地面師詐欺
2019年2月7日
私は,土地の所有者と称する女(成りすまし)について,手続代理人として本人確認をすることになった弁護士が,女が持参した顔写真入りの住民基本台帳カードにより本人確認をしたところ,売買契約の後に成りすましであることが判明し,売買契約の買主から損害賠償請求をされたという事件の弁護士の代理人となりました。
この事件は,第一審では弁護士が一部敗訴(過失相殺4割)したのですが(判例時報2343号),控訴審(東京高等裁判所平成29年6月28日判決)では弁護士の責任が否定されました。その控訴審判決がこのたび判例時報(2389号)に掲載されました。
なお,控訴審判決後,最高裁に上告受理申立がされましたが,最高裁は,平成29年12月12日付で,「本件を上告審として受理しない。」との決定をして,高裁判決が確定しました。
この事件では,女が持参した住民基本台帳カードは実に精巧に偽造されており,到底見破ることができないものでした。そのため,法務局での審査でも特に問題なく受け付けてもらえました(これに対し,積水ハウス社が被害にあった品川区内の土地売買を巡る地面師詐欺事件では,法務局が本人確認書類の矛盾に気づき,登記を受理しなかったものと考えられます。)。
ただ,女が事情説明のために持ち込んだ遺産分割協議書にいくつかの誤記等があり,また,売買契約そのものも,2億4000万円を現金で決済するという通常の取引ではあり得ない異常なものでした。
本件訴訟の第一審は,その点をとらえて,本人確認書類の作成を依頼された弁護士としては,単に書類審査のみでなく,売主の自宅を訪問するなどの方法による本人確認をするべきであったのにこれを怠ったとして,弁護士の過失を認めて約1億6000万円の支払いを命じる判決をしましたが,この第一審を不服として控訴したのがこのたび判例時報に掲載された東京高裁判決でした。

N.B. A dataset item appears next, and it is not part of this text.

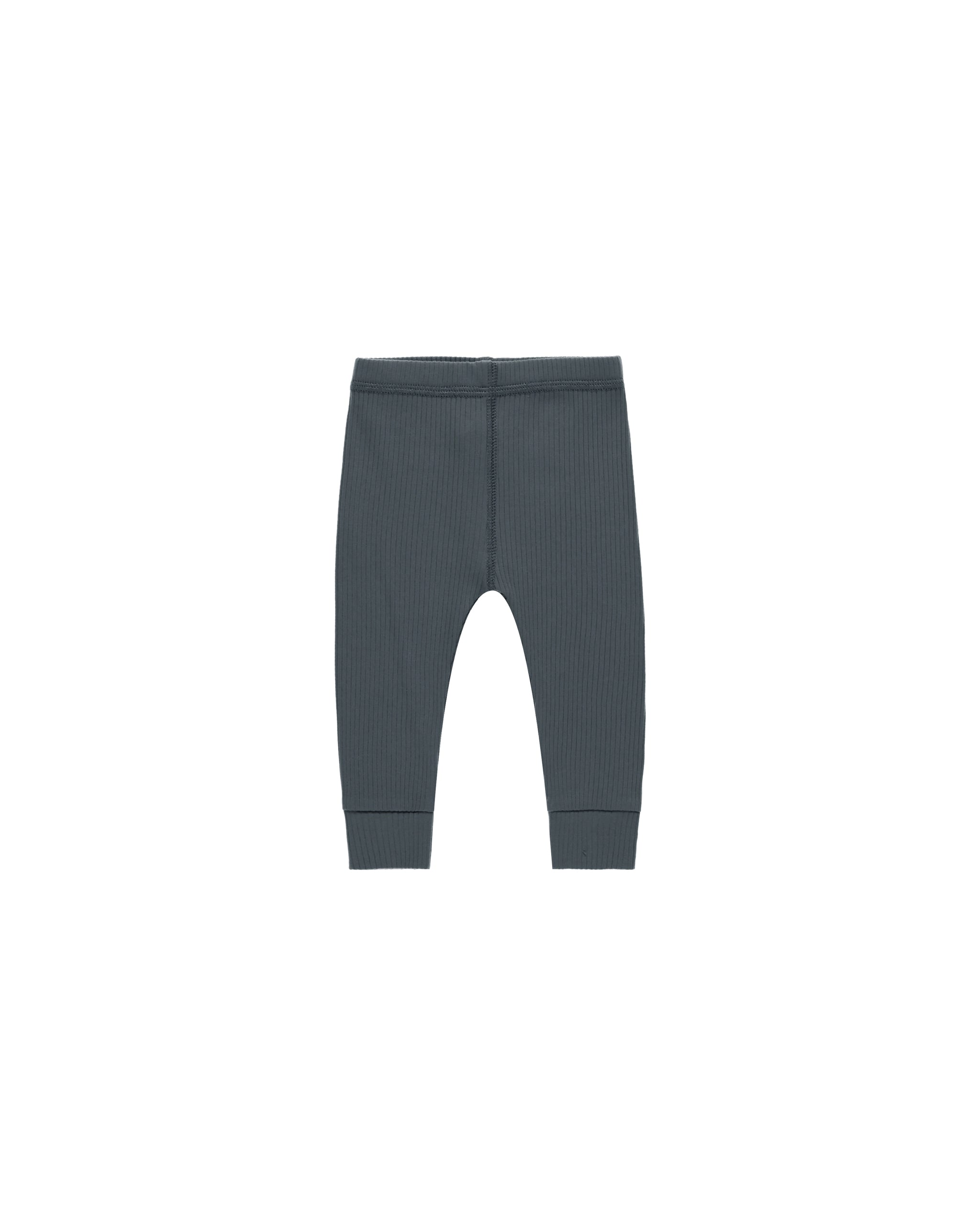Ribbed Henley & Legging Set - Indigo - Twinkle Twinkle Little One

東京高裁は,遺産分割協議書の記載の誤りがあったとしても,同時に持ち込まれた印鑑登録証明書(これも偽造されたものです。)の印影と同一の印影が顕出されていることからすると,誤記の存在をもって成りすましを疑うべき事情とはいえないし,弁護士は,売買契約の内容には全く関与しておらず,異常性を知ることができなかったとして,弁護士の責任を全面的に否定したのでした。
本件では以上のような経過で弁護士の責任が否定されましたが,まずは地面師詐欺の被害にあわないようにすることが重要です。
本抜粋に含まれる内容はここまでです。